-- Opening Marker --
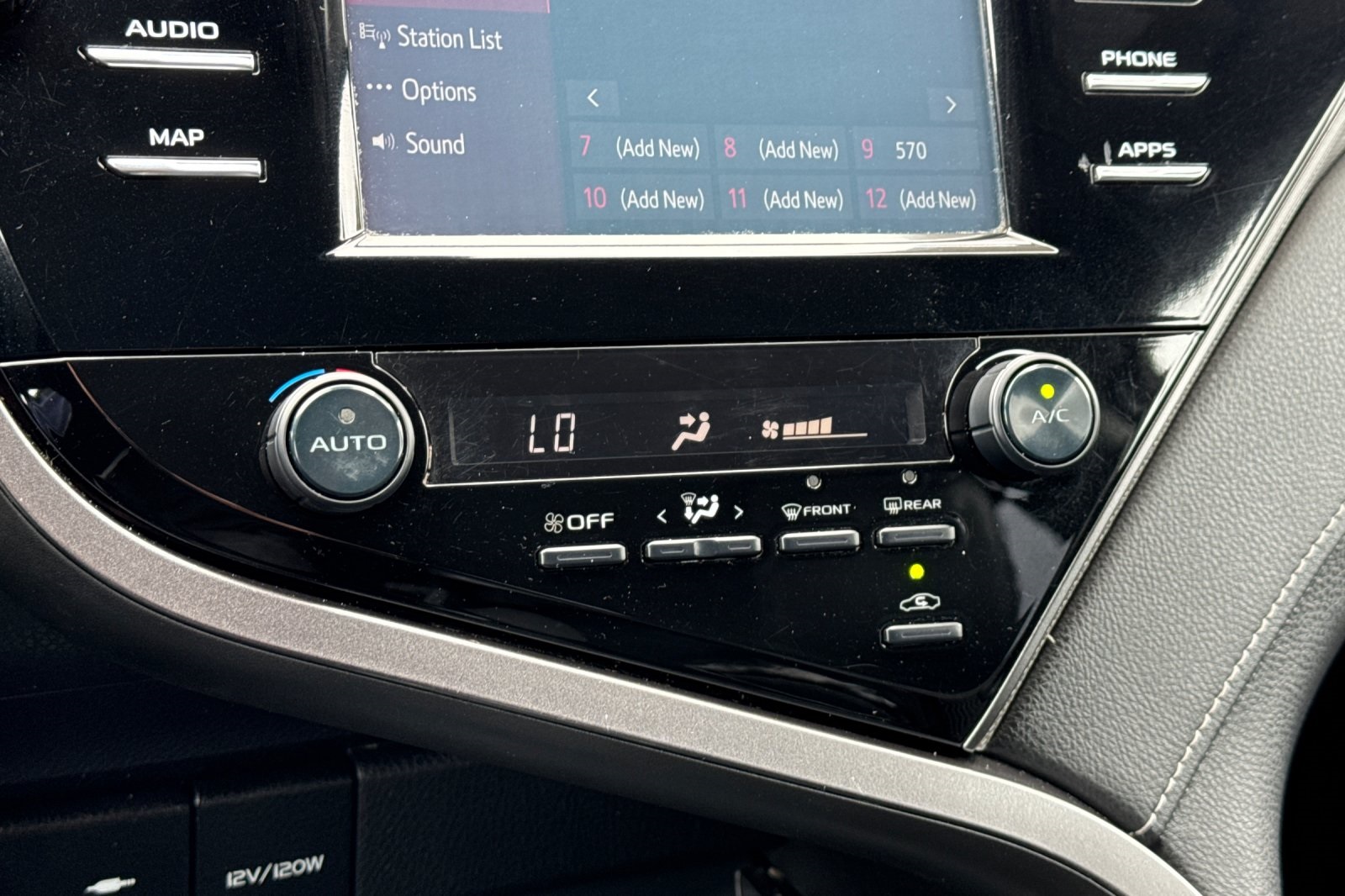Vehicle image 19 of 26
-- Closing Marker --
-- Opening Marker --
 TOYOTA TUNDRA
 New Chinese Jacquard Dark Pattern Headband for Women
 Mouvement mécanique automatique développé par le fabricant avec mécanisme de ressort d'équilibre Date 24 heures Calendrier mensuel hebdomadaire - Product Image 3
-- Closing Marker --
-- Opening Marker --
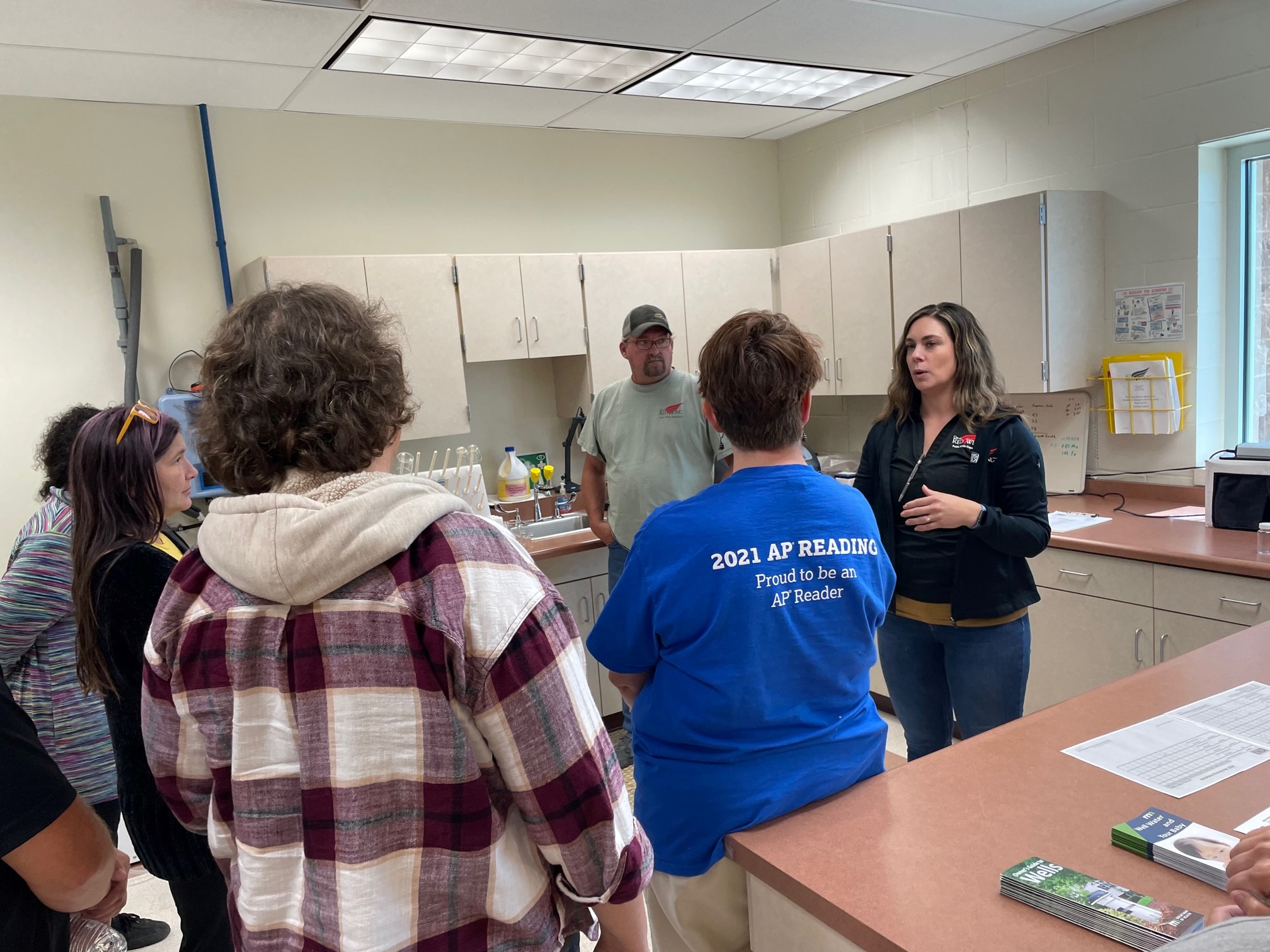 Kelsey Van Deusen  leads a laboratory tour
-- Closing Marker --
§ **TASK**: Reproduce verbatim only the segment of the listing bounded by the line containing "New Chinese Jacquard" and the line containing "Mouvement mécanique automatique", with both boundary lines included.

§ **EXPECTED OUTPUT**:
 New Chinese Jacquard Dark Pattern Headband for Women
 Mouvement mécanique automatique développé par le fabricant avec mécanisme de ressort d'équilibre Date 24 heures Calendrier mensuel hebdomadaire - Product Image 3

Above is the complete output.